The NRA cheered the Supreme Court confirmation of Brett Kavanaugh… Chris Cox, who heads the National Rifle Association’s lobbying arm, said the new justice “respects our Second Amendment right to keep and bear arms for self-defense” and “will interpret the Constitution as the framers intended.” Gun violence prevention groups are dissenting. The Brady Campaign called Kavanaugh a “Second Amendment extremist,” while Giffords Law Center said “his views on gun policy do not reflect the values and priorities of the American people.”

…whose first SCOTUS hearing concerns gun crimes. Kavanaugh will be on the bench today as the Court hears arguments in a trio of challenges to the Armed Career Criminal Act. The law imposes harsh mandatory minimum sentences on federal firearms offenders with three or more prior convictions for “serious” drug offenses or “violent” felonies, but does not spell out the thresholds for crimes that meet those criteria, resulting in contrasting interpretations by lower courts.
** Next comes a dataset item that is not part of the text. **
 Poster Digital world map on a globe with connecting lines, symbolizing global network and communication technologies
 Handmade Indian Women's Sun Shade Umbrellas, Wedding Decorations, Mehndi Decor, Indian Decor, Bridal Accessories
Carry Guard, the NRA’s self-defense insurance, is a “rip off,” warns a state regulator. In a news release, Mike Kreidler, the insurance commissioner for Washington State, heaped fresh criticism on the troubled policies, calling them “highly suspect.” “The primary beneficiary of these seems to be nothing other than the bank account of the NRA,” he added. In August, Kreidler launched an official investigation into Carry Guard.

An armed white supremacist got 14 years in federal prison for deploying the emergency brake on an Amtrak train to “save” it from “black people.” After arguing with a black passenger as a Chicago-bound train hurtled through Nebraska last year, Taylor Michael Wilson, 26, disabled the engine and tried to pull a gun from his waistband before he was stopped by a conductor. Police found a cache of guns at Wilson’s Missouri home. He pleaded guilty to terrorism and weapons charges in July.

A Missouri fire captain was charged with selling guns to convicted felons. Federal prosecutors say James Samuels, 52, bought 47 guns over the last five years and sold them without a license. At least eight of those guns were sold to straw purchasers who bought them on behalf of convicted felons. Six of the guns were then used in crimes, including a murder. Samuels, who was arrested last week, has been with the Kansas City Fire Department for more than two decades.

A 2-year-old was killed by a stray bullet in Chicago. Julien Gonzalez, the youngest gun violence victim in Chicago so far this year, was struck in the neck in an alley in the city’s Hermosa neighborhood on Saturday night. The shots were fired during an argument outside a party a block over. No arrests have been made. Also killed in Chicago last weekend: A college-bound high school senior, fatally shot while attending a vigil for a car crash victim.


A look at how hardline local gun groups produce extreme gun rights laws. “It’s always kind of interesting when you see a lot of people in the gun control community talk about how radical the NRA is,” Greg Pruett, president of the Idaho Second Amendment Alliance, told Reuters. “There’s an entire movement on the other side of the NRA. We’re done compromising.” The in-depth article details how another group, the Missouri Firearms Coalition, spearheaded the takeover of a modest bill capping concealed-carry fees, morphing it into sweeping legislation that established permitless carry and “stand your ground” in the state. Local pro-gun politicians and activists say the NRA didn’t throw its weight behind the bill until passage was assured. But a spokesman for the establishment gun lobby returned fire, saying that the local groups make a lot of noise, but “are largely fund-raising operations.”